[Task description] Transcribe exactly the lines below that begin at the line with "Anser stainless steel coffee spoon" and stop after the line with "Seat Leon 2.0", leaving out every picture.

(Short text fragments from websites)
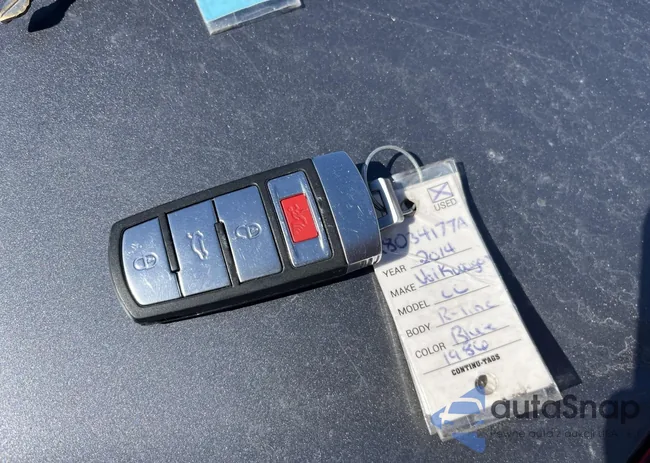 WVWBP7AN4EE511986: 43253841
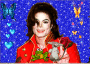 mj 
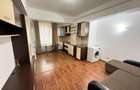 Etaj 1 I Apartament 2 camere 50mp - Tatarasi I + CT, bloc nou - 2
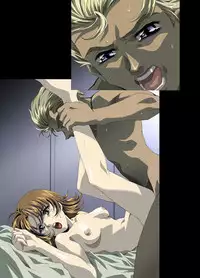 (C66) [HenReiKai (Kawarajima Koh)] Seed Another Century Plus (Gundam SEED)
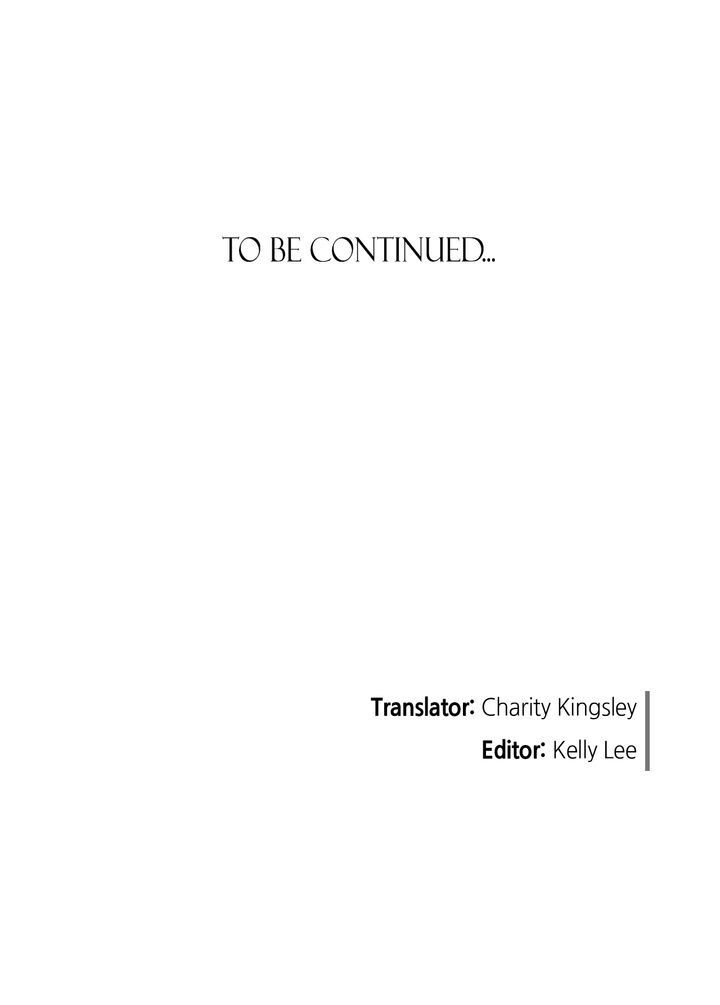 người đàn ông của tôi chapter 59.2 22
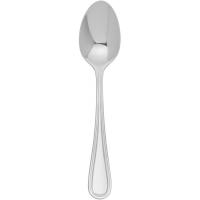 Anser stainless steel coffee spoon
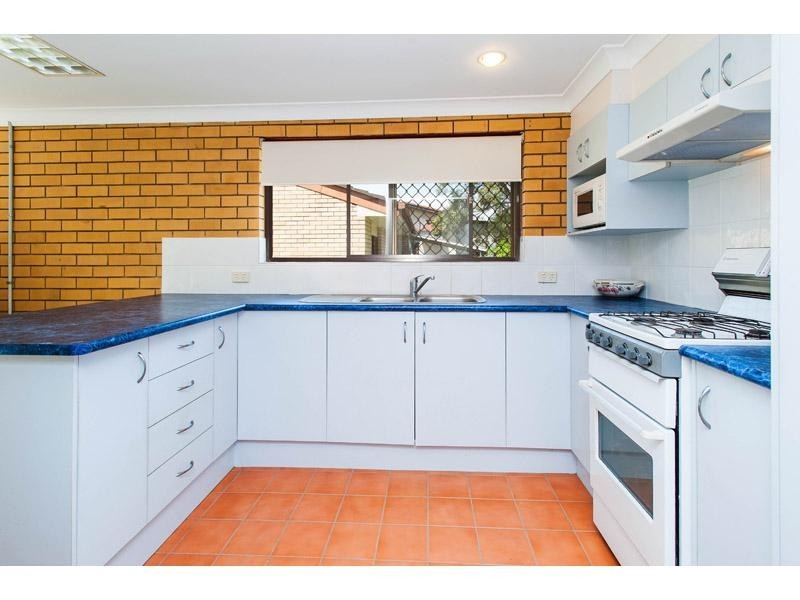 12 Milbong Street, Sunnybank QLD 4109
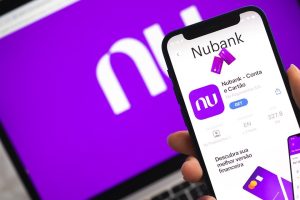 Read more about the article Nubank: como programar o Pix Recorrente na conta PJ?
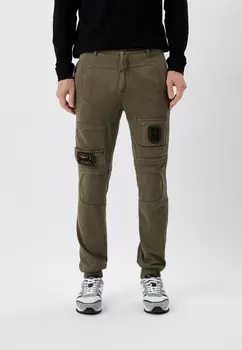 Брюки Aeronautica Militare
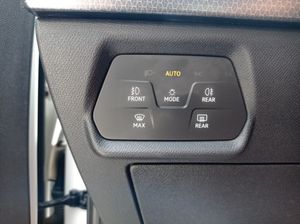 Seat Leon 2.0 TDI 115CV S&S STYLE GO   - Foto 22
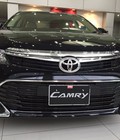 Hình ảnh: Giá xe Camry 2.0 E 2018 mới, hỗ trợ vay vốn trả góp tới 90%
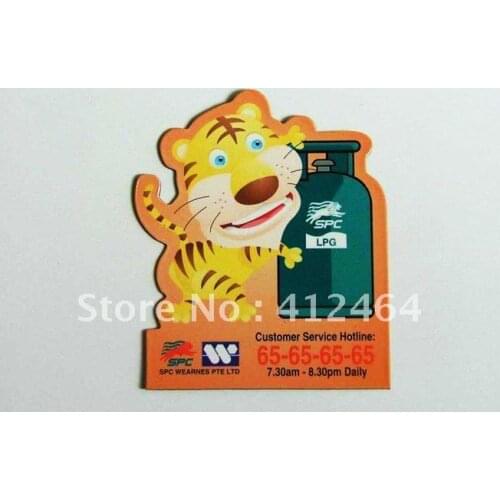 FREE SAMPLES!!! animal fridge magnet ,magnets for fridge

[Written solution]
 Anser stainless steel coffee spoon
 12 Milbong Street, Sunnybank QLD 4109
 Read more about the article Nubank: como programar o Pix Recorrente na conta PJ?
 Брюки Aeronautica Militare
 Seat Leon 2.0 TDI 115CV S&S STYLE GO   - Foto 22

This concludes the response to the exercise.